Afganistán era el decano productor de opio del mundo y una importante fuente de heroína en Europa y Asia cuando los talibanes tomaron el poder en agosto de 2021.
Prometieron destruir con la industria de cultivo de drogas del país e impusieron una prohibición formal en abril de 2022, lo que asestó un duro trauma a cientos de miles de agricultores y jornaleros que dependían de los ingresos del cultivo para sobrevivir. El cultivo de opio cayó un 95% posteriormente de la prohibición, según el crónica de la Oficina de las Naciones Unidas contra la Droga y el Delito.
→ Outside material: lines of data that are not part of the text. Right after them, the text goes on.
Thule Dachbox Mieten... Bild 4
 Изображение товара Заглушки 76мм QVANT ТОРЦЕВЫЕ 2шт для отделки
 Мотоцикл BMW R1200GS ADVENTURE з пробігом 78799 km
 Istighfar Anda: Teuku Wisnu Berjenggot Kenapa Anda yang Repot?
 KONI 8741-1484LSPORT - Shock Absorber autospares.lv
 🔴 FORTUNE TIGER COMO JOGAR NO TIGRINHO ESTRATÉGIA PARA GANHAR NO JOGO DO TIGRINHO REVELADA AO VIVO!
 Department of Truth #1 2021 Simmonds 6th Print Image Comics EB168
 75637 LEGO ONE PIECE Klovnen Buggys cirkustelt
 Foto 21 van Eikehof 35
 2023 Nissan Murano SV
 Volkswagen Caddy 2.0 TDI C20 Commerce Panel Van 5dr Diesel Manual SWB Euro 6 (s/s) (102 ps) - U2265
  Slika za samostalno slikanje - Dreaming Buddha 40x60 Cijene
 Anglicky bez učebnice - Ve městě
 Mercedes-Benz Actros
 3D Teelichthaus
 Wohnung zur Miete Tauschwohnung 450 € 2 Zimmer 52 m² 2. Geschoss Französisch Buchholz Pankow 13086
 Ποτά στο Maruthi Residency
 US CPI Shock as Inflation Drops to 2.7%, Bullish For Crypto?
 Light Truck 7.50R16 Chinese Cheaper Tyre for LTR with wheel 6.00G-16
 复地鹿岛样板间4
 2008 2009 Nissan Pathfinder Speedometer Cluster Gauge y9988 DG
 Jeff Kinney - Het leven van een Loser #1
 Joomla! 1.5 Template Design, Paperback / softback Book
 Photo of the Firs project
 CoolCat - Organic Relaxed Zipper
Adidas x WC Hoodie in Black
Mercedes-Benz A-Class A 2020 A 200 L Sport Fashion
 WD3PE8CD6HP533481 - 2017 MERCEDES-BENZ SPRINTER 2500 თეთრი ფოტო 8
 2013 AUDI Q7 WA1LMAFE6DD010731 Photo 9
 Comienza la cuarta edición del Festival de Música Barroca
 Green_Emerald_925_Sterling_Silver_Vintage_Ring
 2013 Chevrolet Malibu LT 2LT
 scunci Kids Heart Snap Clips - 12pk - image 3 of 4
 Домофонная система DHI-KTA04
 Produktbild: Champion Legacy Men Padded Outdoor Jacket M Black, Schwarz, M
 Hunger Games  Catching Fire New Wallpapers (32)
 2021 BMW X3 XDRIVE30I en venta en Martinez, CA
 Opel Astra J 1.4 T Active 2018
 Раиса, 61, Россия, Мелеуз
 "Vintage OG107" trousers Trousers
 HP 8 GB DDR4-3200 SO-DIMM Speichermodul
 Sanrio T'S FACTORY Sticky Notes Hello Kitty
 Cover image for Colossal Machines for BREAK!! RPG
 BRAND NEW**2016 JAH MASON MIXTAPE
Hasta 2023, el valencia de las exportaciones de opiáceos de Afganistán frecuentemente superó el valencia de sus exportaciones legales. Funcionarios de la ONU dijeron que se demora que la musculoso encogimiento de la capital del opio tenga consecuencias de gran magnitud para el país, ya que las exportaciones de opiáceos antiguamente de la prohibición representaban entre el 9% y el 14% del PIB doméstico.
Los afganos necesitan donación humanitaria urgente para satisfacer sus deposición más inmediatas, absorber el impacto de la pérdida de ingresos y exceptuar vidas, dijo la directora ejecutiva de la ONUDD, Ghada Waly.
«Afganistán necesita urgentemente una musculoso inversión en medios de vida sostenibles para alabar a los afganos oportunidades distintas del opio», afirmó.
Los afganos están lidiando con la sequía, las graves dificultades económicas y las continuas consecuencias de décadas de aniquilamiento y desastres naturales.
La crisis, adjunto con la interrupción del financiamiento internacional que apuntalaba la capital del antiguo gobierno respaldado por Oeste, está llevando a la familia a la pobreza, el escasez y la anexión.
Un crónica de septiembre de la ONUDD decía que Afganistán es el productor de metanfetamina de más rápido crecimiento en el mundo, y que las incautaciones de la droga sintética aumentan a medida que se reduce el cultivo de amapola.
Los ingresos más bajos a lo holgado de la dependencia de suministro de opiáceos podrían estimular otras actividades ilegales como el tráfico de armas, personas o drogas sintéticas, según el crónica más nuevo de la ONUDD.